Security considerations

  • API tokens > global keys. Generate scoped tokens with minimum permissions. A "Workers Scripts:Edit" token for one account is sufficient for deploys.
  • Secrets vs vars. [vars] in config is plaintext, committed to git, visible in the dashboard. wrangler secret put is encrypted at rest and never logged. Default to secrets and only put non-sensitive config in vars.
  • .dev.vars is for local only. It must be gitignored — the file holds dev secrets in plaintext. Add .dev.vars* to .gitignore before the first commit.
  • Token rotation. Rotate API tokens at least quarterly. Revoke immediately after CI provider migrations.
  • CORS and origin verification. Workers run at the edge — every CORS, CSRF, and auth check is your responsibility. Don't rely on browser same-origin to gate access.
  • unsafe-eval and dynamic code. Workers' V8 isolate denies eval / new Function(...) by default (mitigation against script injection). Don't disable it.
  • Audit transitive deps before deploying. Many npm packages assume Node — they may quietly use child_process or fs and crash on Workers, or worse, leak data via misconfigured polyfills. wrangler dev catches most of these locally.
  • Logpush destinations. When configuring Logpush to S3 / R2, the destination credentials live in Cloudflare. Use IAM-scoped credentials that can only write, not read.
  • D1 SQL injection. Use parameterised queries (stmt.bind(...)) — D1's prepare/bind interface is the safe path. Concatenating user input into SQL strings is the same risk as on any Postgres-style backend.

Troubleshooting common errors

Error: A request to the Cloudflare API failed: 10000 — Authentication error — token missing or wrong account. Set CLOUDFLARE_API_TOKEN and CLOUDFLARE_ACCOUNT_ID, or run wrangler login.

Could not find any wrangler.toml or wrangler.jsonc — run from the project root, or pass --config path/to/wrangler.jsonc.

A Worker with this name is already deployed in another account — names are globally unique on *.workers.dev. Choose a different name or use a custom domain route.

Cannot find module 'node:fs' at runtimenodejs_compat not enabled in compatibility_flags. Add it and re-deploy.

Script will exceed the size limit — bundle > 1 MB (free) / 10 MB (paid). Audit deps with wrangler deploy --dry-run --outdir dist and inspect dist/. Common culprits: prismjs with all languages, full-icu, huge JSON fixtures.

KV / R2 / D1 Cannot read properties of undefined — binding name in code doesn't match wrangler.jsonc.
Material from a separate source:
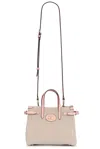 Valentino Antibes Small Tote Bag In Naturale  Tobacco  & Peach Rose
Confirm env.CACHE matches "binding": "CACHE" exactly.

Could not resolve "fs/promises" at bundle time — a CJS dep imports it conditionally. Add nodejs_compat to flags and re-bundle.

wrangler dev doesn't reload on file change — file watcher hit the OS limit (Linux's inotify). Bump fs.inotify.max_user_watches.

wrangler tail shows nothing — wrong env, or your Worker isn't being hit. Add --env staging and verify the URL.

Local KV / D1 data persists unexpectedly between runs — Miniflare persists to .wrangler/state/ by default. Delete to reset, or pass --persist-to none (newer wrangler versions).

Compatibility date is in the future — set within the supported range. The list of valid dates is in the Cloudflare docs.

When NOT to use this

Skip wrangler when:

  • You aren't deploying to Cloudflare. Wrangler is single-vendor. For Vercel, use vercel; for Netlify, netlify-cli; for AWS, CDK / SST / SAM.
  • You only need static hosting and use Pages' Git integration. A Git-connected Pages project auto-deploys on push — no wrangler in your local toolchain.
  • You build a Workers project entirely from the dashboard. The Cloudflare dashboard offers an in-browser editor for tiny Workers. Fine for prototypes; doesn't scale.
  • You use a higher-level platform on top. next-on-pages, @astrojs/cloudflare, SvelteKit's adapter all wrap wrangler. You may not need to call it directly day-to-day.
  • You're in a corporate environment that blocks Cloudflare egress. Wrangler talks to the Cloudflare API; if outbound HTTPS to api.cloudflare.com is blocked, every command fails.
  • You want everything via Terraform / Pulumi. The Cloudflare provider in those tools manages Workers, KV, R2, D1 declaratively. You'd still use wrangler for wrangler dev and wrangler tail, but deploys live in IaC.